Yeah, Monday was a wild day.

Well, let’s start with Sunday night. After Seattle beat San Francisco in a fantastic NFC title game, Seattle’s Richard Sherman gave an … interesting postgame interview to Erin Andrews. I enjoyed it but didn’t think a whole lot about it as I went back to my Sunday night chores, folding laundry and such. I checked Twitter at some point and saw people were ripping Sherman for a lack of class in the interview. I thought, it’s hard to be classy when you’ve just played a game that violent and they put a microphone in your face on live TV. The idea started itching in my head. That’s usually a good sign. So I quit the laundry, sat down at the laptop and wrote. There wasn’t much of a narrative thread to it, just some scattered thoughts, so I numbered the paragraphs and made it sort of a list. I figured it might make a nice little piece for Forbes.com, where I’ve been doing some sportswriting lately.

It was nearly midnight when I was done. I almost waited until Monday morning to post it — the Forbes editors say it’s best to publish between 10 and 2 on weekdays, when people are surfing the Internet at work. (I had forgotten that Monday was the MLK holiday.) But after a few minutes of hemming and hawing I said screw it and posted the thing.

A little later, I checked back and noticed that a lot of people had mentioned it on Twitter. Like, a LOT.

Later on I clicked over to the Forbes site. Forbes puts their traffic stats next to every story so anybody can see them. The most popular story I’d ever written for them ended up with about 46,000 page views. This story already had 50,000. Then 100,000. When Alix came home from her night shift, I checked one last time and it was more than 200,000. We stared at each other like, What is happening?
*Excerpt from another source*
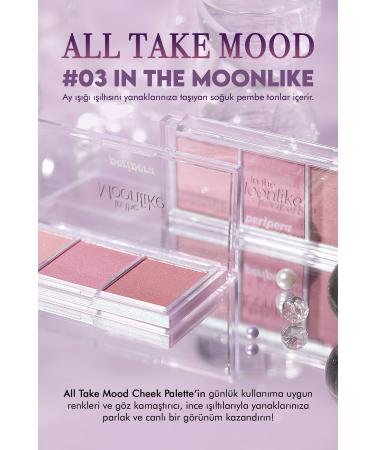 PERIPERA Pink Sparkle Triple Blush Palette Peripera All Take Mood Cheek Palette (03 In The Moonlike) - Buy Online on GoSupps.com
Then we went to bed.

When I woke up, it was more than a million.

And now, at 11:30 Tuesday morning:

Picture 4Holy hell.

Over on Forbes there are more than 600 comments, probably 90 percent critical, including one guy who substituted my name in the classic scene from “Billy Madison”:

The debate’s still going on today over there, and on Twitter, and on Facebook, where I found a full rebuttal piece that’s really good. There’s a lot to chew on in this story — our notions of sportsmanship, our changing culture, honesty vs. clichés, the whole mythology of football being this brutal sport played by noble warriors. (If you’re not Richard Sherman-ed out at this point, read the great pieces by my friends Gwen Knapp and Joe Posnanski.)

But for me, it became about the flood of readers. It felt like when you get the Super Mega Bonus on a video game and you see the points spinning on the screen. The whole thing is just … overwhelming. It’s not that the piece is some masterwork — I’ve written a lot of stuff that’s better. Every writer has stories they thought would draw a huge audience and win awards, and NOBODY noticed. This one just happened to touch a nerve on a subject a lot of people were talking about. And I think the key part is, it landed at the right time — not too long after the game, and when all those Seattle and San Francisco fans on the West Coast were still awake. They got the ball rolling. This is where I remind you that I almost waited until the next day to post. Sometimes you get by on dumb luck.

It’s been a blast. But I can feel the rollercoaster slowing to a stop. What do you do when the ride’s over? You get back in the chair and go back to work.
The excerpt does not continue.